Fresh egg tagliatelle dressed with a slow-cooked, milk-enriched Bolognese ragù that highlights meat, soffritto, and gentle technique.
Ingredients
For the ragù:
15 ml extra-virgin olive oil
30 g unsalted butter
150 g pancetta, finely chopped
300 g ground beef (coarse grind, ~80/20)
50 g yellow onion, finely diced
50 g carrot, finely diced
50 g celery stalk, finely diced
30 g double- or triple-concentrate tomato paste
150 ml dry white wine
200 g crushed tomatoes or passata
300 ml unsalted beef stock
200 ml whole milk
3 g freshly ground black pepper
4 g fine sea salt, plus more to taste
For the fresh tagliatelle:
240 g “00” flour
120 g whole eggs, room temperature
20 g “00” flour, for dusting
For cooking and finishing:
3000 ml water
30 g fine sea salt
40 g Parmigiano Reggiano, finely grated
Steps
Heat a heavy pot over medium heat.
Add the butter and olive oil to the pot.
Melt the butter completely.
Add the pancetta to the pot.
Cook the pancetta until lightly browned and rendered, about 5–7 minutes.
Add the onion to the pot.
Cook the onion until translucent, about 5 minutes.
Add the carrot to the pot.
Cook the carrot until softened, about 3 minutes.
Add the celery to the pot.
Cook the celery until softened, about 3 minutes.
Increase the heat to medium-high.
Add the ground beef to the pot.
Break the beef into small pieces with a spoon.
Brown the beef until no longer pink, about 8–10 minutes.
Add the tomato paste to the pot.
Cook the tomato paste until darkened, about 2 minutes.
Pour in the white wine.
Reduce the wine until nearly evaporated, about 5 minutes.
Add the crushed tomatoes to the pot.
Add the beef stock to the pot.
Add the black pepper and 2 g of the salt to the pot.
Bring the ragù to a gentle simmer.
Reduce the heat to low.
Partially cover the pot with a lid.
Simmer the ragù for 2 hours 30 minutes.
Stir the ragù every 20 minutes.
Add the milk to the pot.
Simmer the ragù for 20 minutes more.
Taste the ragù and add up to 2 g more salt if needed.
Mound the flour for pasta on a clean work surface.
Create a well in the center of the flour.

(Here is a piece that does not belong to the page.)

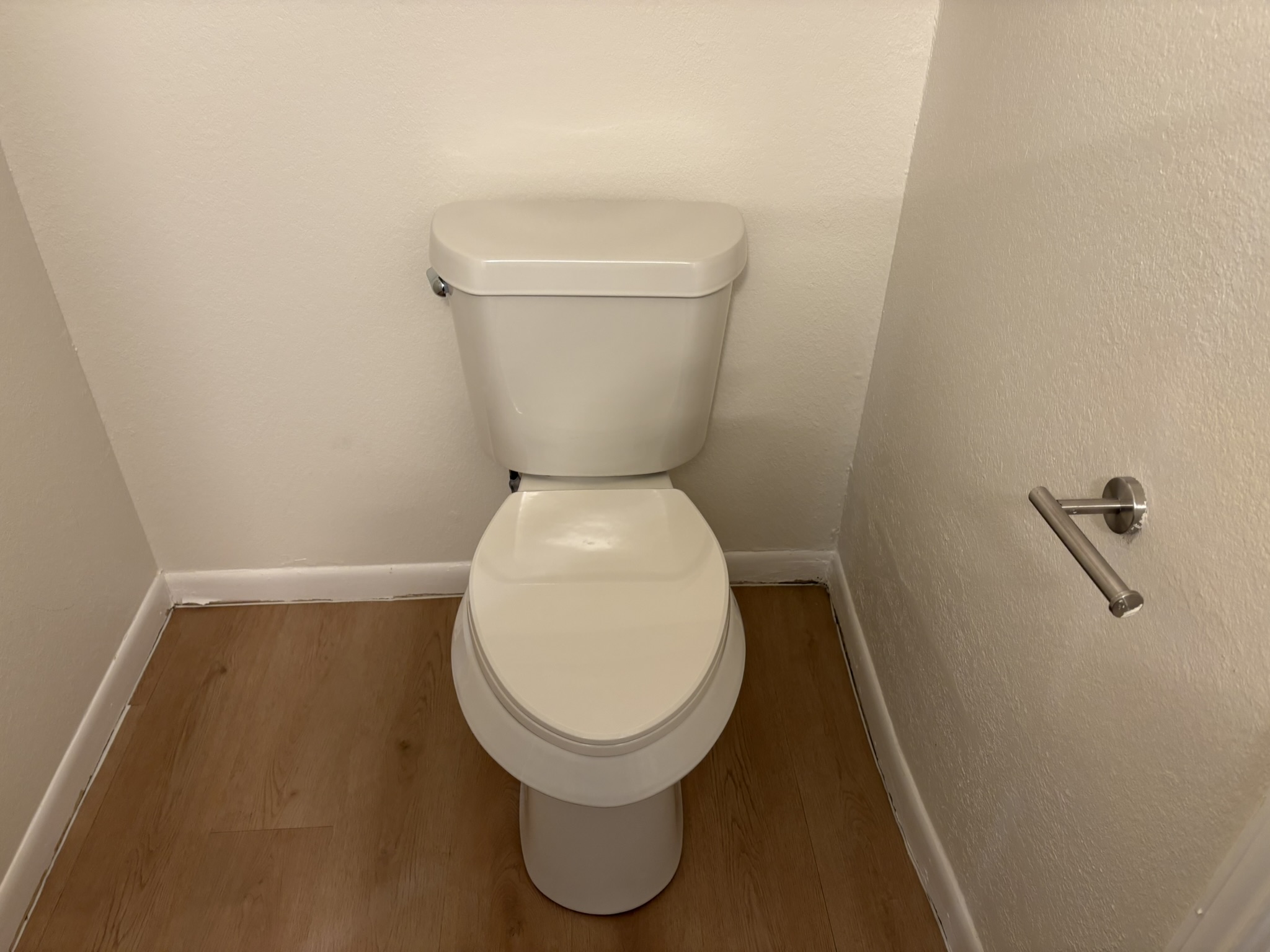 6009 Shadow Valley Cove, Unit A Austin, TX 78731 - Photo 14 of 24 Bathroom view of a textured wall and wood finished floors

Pour the eggs into the well.
Beat the eggs with a fork until smooth.
Draw flour gradually into the eggs with the fork.
Mix until a shaggy dough forms.
Knead the dough by hand until smooth and elastic, about 8–10 minutes.
Wrap the dough tightly in plastic wrap.
Rest the dough at room temperature for 30 minutes.

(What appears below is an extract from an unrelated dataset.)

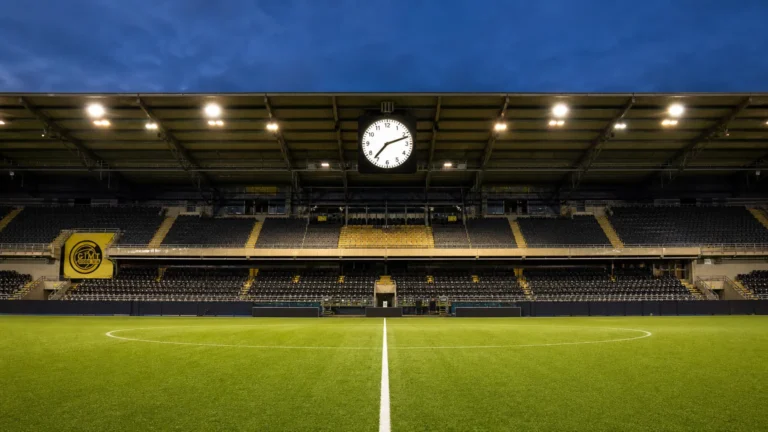 Een verlicht voetbalveld met een discreet Bodø/Glimt-bord en een stadionklok voor een bekeravond.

Divide the dough into two equal pieces.
Flour the work surface lightly with some of the dusting flour.
Roll one piece of dough with a machine or pin to about 1 mm thickness.
Dust the sheet lightly with flour.
Fold the sheet loosely into thirds.
Cut the sheet into 6–8 mm strips.
Unfurl the tagliatelle strands.
Arrange the strands into floured nests.
Repeat the rolling and cutting with the remaining dough.
Bring the water to a rolling boil in a large pot.
Add the 30 g salt to the boiling water.
Warm 300 g of the ragù in a wide skillet over low heat.
Add the tagliatelle to the boiling water.
Cook the tagliatelle until al dente, about 2–3 minutes.
Reserve 50 ml pasta cooking water.
Drain the tagliatelle well.
Transfer the tagliatelle to the skillet with the ragù.
Toss the pasta with the ragù over low heat.
Add pasta water as needed to loosen the sauce.
Cook the pasta and sauce together for 1 minute to marry.
Plate the tagliatelle.
Sprinkle the Parmigiano Reggiano over the pasta.
Notes
Authentic Bolognese ragù is meat-forward, gently tomatoed, and enriched with milk to mellow acidity and round flavors; avoid garlic, herbs, and heavy spices.
Keep the simmer very low to preserve tenderness and prevent sticking; use a flame diffuser if needed.
Tagliatelle should be about 6–8 mm wide; a thin, velvety sheet (around 1 mm) yields the right bite and sauce cling.
If using store-bought fresh tagliatelle, plan about 400 g total and reduce steps accordingly.
Leftover ragù freezes well for up to 3 months and also suits Lasagne alla Bolognese and gramigna or pappardelle.